BilliardPhys-Bench: Benchmarking Physical Reasoning and Visual Dynamics of Multimodal LLMs
Pith reviewed 2026-06-28 22:16 UTC · model grok-4.3
The pith
BilliardPhys-Bench reveals that multimodal LLMs default to predicting no interaction when physical outcomes grow harder to infer from images.
A machine-rendered reading of the paper's core claim, the machinery that carries it, and where it could break.
Core claim
BilliardPhys-Bench demonstrates that multimodal LLMs exhibit a consistent stasis bias on physical reasoning tasks: when the correct outcome of friction and elastic collisions is harder to deduce from a single image, the models reliably predict that no interaction occurs. Performance on collision prediction, wall bounce reasoning, and final position estimation falls as simulation duration increases and scene complexity rises, across GPT, Claude, Gemini, and Qwen families.
What carries the argument
BilliardPhys-Bench procedural engine, which generates randomized billiard scenarios incorporating friction and elastic collisions to probe three abilities: ball-to-ball collision prediction, wall bounce reasoning, and final resting position estimation.
If this is right
- Accuracy on all three tested abilities decreases as simulation time increases.
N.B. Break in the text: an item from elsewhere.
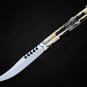 PERSONALIZED MONGOOSE D2 TOOL STEEL ORIGINAL FOLDING KNIFE BRASS WITH CARABAO AND DEER HORN INSERTS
- More complex scene geometry produces lower performance across evaluated models.
- Stasis bias emerges reliably when the correct physical outcome is harder to infer.
- Current multimodal architectures require stronger physical inductive biases to handle visual dynamics.
Where Pith is reading between the lines
- The benchmark could be adapted to test whether the same stasis bias appears in other domains such as object stacking or fluid motion.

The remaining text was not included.